“A Tool for the Current Generation”: Students Anticipate Their Shift to Innovation Academy in the Fall

Entrance+to+Innovation+Academy.

Grady Waple

Entrance to Innovation Academy.

Ingrid Schmitz, Staff Writer

Innovation Academy, a STEM magnet high school, will open in the fall for the 2021-2022 school year, and many Cambridge students have been accepted there. 

According to Principal Ashley Agans, 103 rising freshmen and sophomores districted for Cambridge were accepted to Innovation Academy, but students have until the summer to make their final decision and register. 

Many students, like freshman Grady Waple, are looking forward to their transition to Innovation.  

“It’s a tool for the current generation,” Waple said regarding the academy. It focuses on practical skills that can be used in the workforce by having students choose one of three career-based pathways: healthcare, engineering and computer science. 

“When I saw how this was going to be, how next level it was, I was completely in,” Waple said. 

The main two factors that led to his decision to go to this “school for the future” were the academics and the social element. 

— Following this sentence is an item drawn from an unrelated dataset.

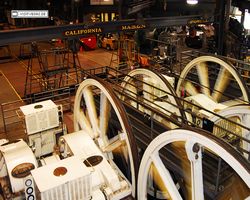 California - San Francisco - Downtown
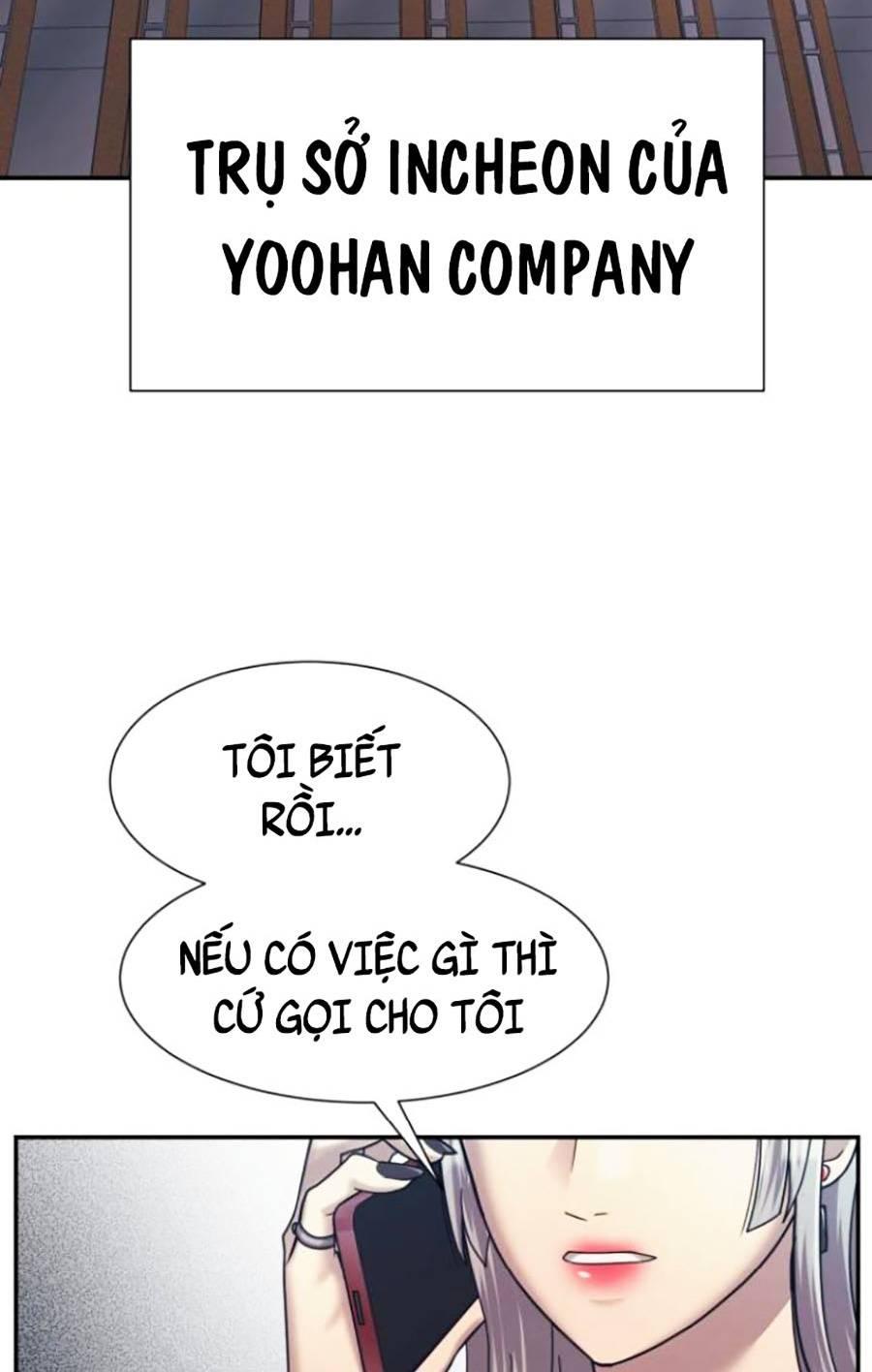 Sóng Ngầm Chapter 24 - Trang 68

Innovation Academy will offer unique hands-on opportunities, such as working in a fully equipped operation room or a model ambulance. This appeals to Waple, who has chosen the healthcare pathway since he is interested in pursuing a job in that field. 

Waple has been online all year and hasn’t “really gotten to know Cambridge” or its students. He said most of his friends are at Milton High School, and they plan to attend Innovation with him next year. 

What he is most looking forward to, though, is the “experience,” he said. IA will function much more like a college campus, with more independent work and projects.  

On Fridays, students have an independent workday called “Flex Friday.”  

“It’s a day for you to catch up,” Waple said. Traditionally, schoolwork “often goes into the weekend,” which Innovation is trying to prevent. 

He also is a fan of the atmosphere around the campus.  

“There’s town right outside campus,” he said. “I can get breakfast at Maple Street and go to Comeback Vinyl.” 

Waple has toured the campus twice and loves the open architecture and abundance of glass. 

“You feel happy to be there. It doesn’t feel like a prison, like most schools,” he said. 

Many of Innovation’s walls are made out of glass, allowing for natural light to flood classrooms and social spaces. (Grady Waple)

Freshman Bella Gee wasn’t initially as excited as Waple, especially since she doesn’t know many other students planning to go to Innovation, but she has since begun to look forward to next school year. 

“I thought it was a private school, which is why I didn’t want to go,” she said. 

A magnet school, though, is a public school that focuses on a specific group of subjects, like Innovation will be doing with STEM, and offers specialized programs in those areas. 

Now, she thinks it is a “good opportunity,” she said, because of how it will look on college and job applications. 

She will miss the orchestra program, even though she said the absence of arts “was to be expected.” However, students are encouraged to join as many clubs as they want, so participating in an orchestra club is a possibility. 

Innovation’s auditorium. (Grady Waple)

Gee has chosen the computer science pathway but is also taking a block combo class, which is usually reserved for freshman who are still deciding on their pathway. 

The limited choices within a pathway are one of the disadvantages of attending Innovation, she said. 

“You have to choose a pathway right away,” she said. “You can’t think through your decision really well.” 

Freshman Logan Rush has chosen the engineering pathway, an interest he is already pursuing at Cambridge. Leaving his current engineering program was one of the things he had to consider. 

Though he knows many people who will attend Innovation, he said what he will miss most about Cambridge is his friends.  

Rush is also a member of the band program, which he is upset to be leaving, but he shares Gee’s mindset that the school “will attempt to have clubs like band, orchestra and chorus,” though on a much smaller scale. 

There are ups and downs to every school, but Innovation Academy’s future students are looking forward to the ride. 

“I’m excited to go to this new STEM high school,” Waple said. “I’m excited to be the first class going there, to be able to structure this school. I’m ready for August.”